A letter from David Beberman (Prasaga CTO) to Gary Gensler, on Proof of Stake
To Chair Gary Gensler, Commissioner Hester M. Peirce, Commissioner Caroline A. Crenshaw, Commissioner Mark T. Uyeda, Commissioner Jaime Lizárraga
From David Beberman
As a developer of new, “ground up”, blockchain technology I have concerns about the recent announcement. I read the recent statement that the SEC is considering all Proof-of-Stake coins as securities. I understand the concern about the scams in the crypto market, particularly the pump & dumps that happen regularly. However, from the limited information I have from the SEC, I’m concerned that the decision is overly broad and will prevent legitimate designs and implementations for blockchain and crypto technology unnecessarily.
Here is a proposal to separate out various forms of Proof-of-Stake to allow forms that seem to be securities and need regulation from those that are the digital equivalent of your own money.
In general, Proof-of-Stake means that a user has deposited the coin of the specific blockchain in an account specifically to operate a node on the blockchain. The intent is for the node operator to have some “skin in the game” so that they are disincentivized to act maliciously. In the general form, the coin is locked up, but remains under the control of the depositor. In some designs the account is completely owned by the depositor, with no other user access. While the stake is deposited, the node is operational, and the depositor may earn additional coin through transaction fees and minting (aka mining). This isn’t much different than any sole proprietor – from owning a “lemonade stand” on up.
This explicitly is not a two-sided transaction. That is, there is no one else on the other side of the staking deposit. This is not a stock purchase, a stock trade, an exchange of currency, as it is currently understood. It is strictly an operational piece of the blockchain. In this specific operational mode, it does not seem to be a security, even in the context of the Howey test. There was no sale. There is no exchange of property. There isn’t even an explicit statement of individual earnings of new coin. It is a lot more like going to an arcade (if they still have them), exchanging dollars for token coins, and then operating the machines with the token coins. Extending the comparison, in arcades it is common that you can’t turn the tokens back in for dollars, while in this type of staking, you can get your coins back. Implementations may have a delayed lockup release period which is another disincentive to for malicious actors, but that is not under the control of any other person or entity.
This is an important piece of technology because it enables certain improvements for performance and securing blockchains. Blocking this unnecessarily will block new legitimate technology.
Here is where a distinction can be made, where PoS is used, more closely resembles securities: Delegated Proof of Stake; and Staking Pools. These terms can be thought as roughly the same concept. In these cases, the user’s coins are not being deposited in to their own account, in the same manner as described above. Further, the user is not operating a node on the blockchain. Instead, a 3rd party is operating the node and providing a fraction of the transaction and minted coins to the staking depositors. This seems more like there is someone else on the other side of the deposit transaction. The depositor has a lot less control over their coins. One might consider this something like a variable bond. The earned coin is akin to coupon payments.

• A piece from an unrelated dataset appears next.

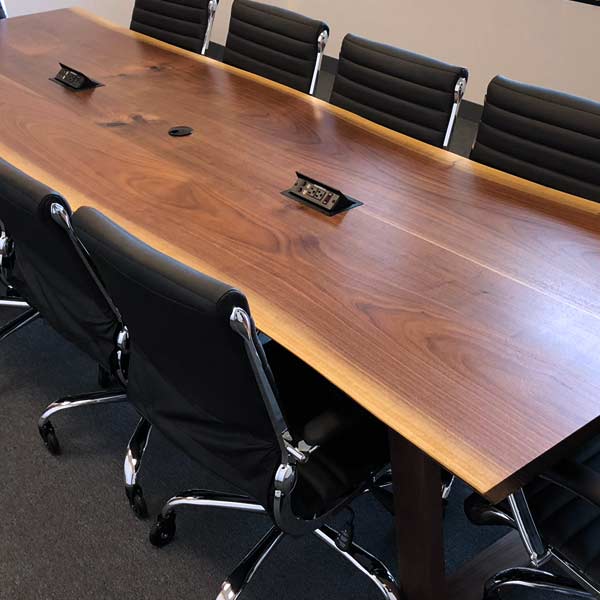120&#34; Long Live Edge Black Walnut conference table with data &#38; power for corporate FF&#38E; commercial furniture supplier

There are some Proof-of-Stake models that include something called “stake slashing”. This is intended to be another disincentive to malicious behavior. From the technology viewpoint, it works. But, from the viewpoint of securities risk, this does create risk for the depositor’s coin. Whether this model is used with staking pools or individually, because there is some risk of the initial deposit, this seems like it would act like a stock security, and could be thought of as a non-voting stock.
I would note that there are some technical computer networking and algorithms reasons that the delegated proof-of-stake model is being used. This is not strictly a financial issue.
Given the above statements, I would ask for clarification on proof-of-stake with the following as an acceptable approach that does not imply a security stock, bond, or any other instrument:
The coin never leaves the control of the depositing user – meaning it is in an a blockchain account they have the key to.
The node being operated is under the control of the user – whether implemented on their own machines or in the cloud.
The technology does not include slashing, so the user’s coin deposit is never at risk.
This type of implementation does not seem to be either a stock or bond, and thus is much more strictly a digital coin just as is Bitcoin. In fact one way to think of it, is that the staked node is just a different form of the user’s digital wallet.
If these statements are followed, the staking does not act like a bond or a stock. This enables the positive aspects of staking in terms of disincentives for malicious behavior, increasing the security of the blockchain, without naïve users losing their deposits.
I would also note that following these rules does not preclude a business from building a bond-like, or stock-like offering “layered” on top, where such a business would be covered by existing business regulations.